FCS draft roundtable – Part I
(STATS) – Finding the next Carson Wentz is an almost impossible task for NFL teams because the former FCS standout – and last year’s No. 2 overall pick – was such an anomaly in the way he commanded attention.
But finding the next David Johnson (third round in 2015) or Super Bowl touchdown-maker Robert Alford (second round in 2013) or Pro Bowlers Kyle Juszczyk (fourth round in 2013) and Mike Tolbert (undrafted in 2008) is within reach.
With each year, NFL teams are paying more attention to FCS prospects, hoping to uncover hidden gems on draft day and as undrafted free agents.
Leading into next week’s NFL combine, STATS turned to a roundtable of NFL draft analysts who know the value of prospects coming from below the FBS – Josh Buchanan, a recruiter for the NFLPA Collegiate Bowl; Eric Galko, the owner and lead draft analyst for Optimum Scouting; and Scott Wright, the owner and lead draft analyst for DraftCountdown.com.
Over the next five days, we’ll pick their brains about how the FCS stacks up in this year’s draft.
Who is your top draft candidate from the FCS level, and why?
Buchanan: I don’t know if he will definitely be the top guy in three years simply because I don’t see a high upside due to the fact he is not raw, but Eastern Washington wide receiver Cooper Kupp is my top guy. He is a good route runner, catches everything, has been productive his entire career and had big games against top competition. He is 6-foot-1 1/2, 198 pounds and likely a 4.5 guy in the 40. I expect him to go in the second round, but if he could run in the low 4.4s and post very good numbers across the board, I would not be shocked if he was a top-40 pick. Kupp has great character and is very smart as well. I expect him to do well in meetings and workouts with coaches and scouts.
Galko: I know people say it every year, but this year really might be the best small school and FCS class in recent history. I believe, especially after a successful Senior Bowl, Youngstown State’s Derek Rivers is the best FCS prospect. On film, he didn’t finish as a run defender as an edge player and needs to be more consistent outside of third downs, but the pass-rush upside was phenomenal. He should go someplace on Day 2 and is a second-round prospect.

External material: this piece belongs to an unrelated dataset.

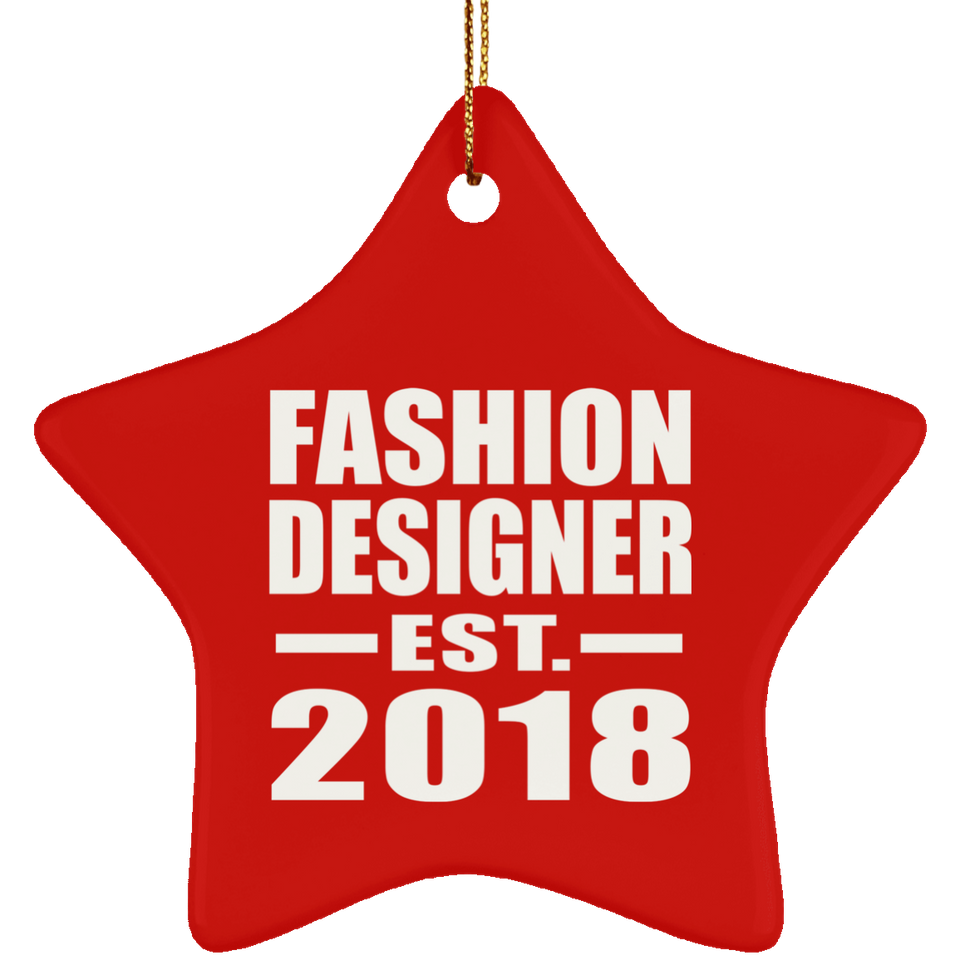Fashion Designer Established EST. 2018 - Star Ornament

But three or four other FCS players could join him.
Wright: This year, that’s an easy question and the answer is Eastern Washington wide receiver Cooper Kupp. Coming off a ridiculously productive college career in which he racked up 428 receptions for 6,464 yards and 73 touchdowns, the only major question mark with Kupp was the level of competition. Was he merely a big fish in a small pond or could he hang with the big boys? A strong showing by Kupp throughout the Senior Bowl week went a long way toward alleviating those concerns. I believe Kupp will be selected on Day 2 – Round 2 or 3 – and will most likely be a Top 50 overall prospect in my final rankings. I may be in the minority, but when it comes to value on draft day, I might prefer Kupp in mid-Round 2 rather than the more highly regarded Corey Davis of Western Michigan in the middle of Round 1.